In a year filled with spectacular solo debut albums like Jeru the Damaja’s The Sun Rises in the East, Method Man’s Tical, and Notorious B.I.G.‘s classic Ready to Die, Illmatic reigned supreme. Garnering unanimous critical acclaim, including The Source magazine’s then-coveted five mics, Nas was immediately pushed to the front of a pack of new school MCs vying for the lyrical crown vacated by (not taken from) Rakim. Ten years after its release, Illmatic stands not only as the best hip-hop album ever made, but also one of the greatest artistic productions of the twentieth century.
The brilliance of Illmatic is its simplicity. Ten tracks. No interludes. No trendy beats. Nas wisely stayed away from the faddish sounds of the day, relying instead on the timeless production of Large Professor, Pete Rock, Premier, and Q-Tip. The result was a profound sonic articulation of old school desire and new school lyrical ingenuity that raised the creative stakes for the next generation of MCs, including Common, Jay-Z, and Notorious B.I.G. In spite of his chronological immaturity—Nas was 20 years old when he recorded Illmatic—Nas’s commanding voice and ability to paint critical but dignified portraits of the urban proletariat reflected an artistic and moral vision far beyond his years.
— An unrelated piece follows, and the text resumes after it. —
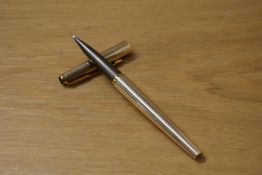 A Parker 50 Signet converer fill fountain pen gold plated fluted design having medium nib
Before critical race theory gained prominence for its focus on counter-narratives, Illmatic‘s stories challenged dominant conceptions of ghetto life. On “Life’s A Bitch”, which features his father Olu Dara on trumpet, Nas complicates the notion of “walking nihilism” that Cornel West expresses (and overstates) in Race Matters. But it is AZ, who has the only guest rap appearance on the album, who steals the show with one the greatest guest verses in hip-hop history:
Visualizin’ the realism of life and actuality
Fuck who’s the baddest, a person’s status depends on salary
And my mentality is, money orientated
I’m destined to live the dream for all my peeps who never made it
Cause yeah, we were beginners in the hood as Five Percenters
But somethin’ must of got in us ‘cause all of us turned to sinners
Now some, restin’ in peace and some are sittin’ in San Quentin
Others such as myself are tryin’ to carry on tradition
On the Q-Tip-produced “One Love”, Nas adds texture and complexity to the lives of prison industrial complex victims through his passionate letters to fallen homies. “New York State of Mind”, one of the album’s standout tracks, provides as clear a depiction of ghetto life as a Gordon Park photograph or a Langston Hughes poem.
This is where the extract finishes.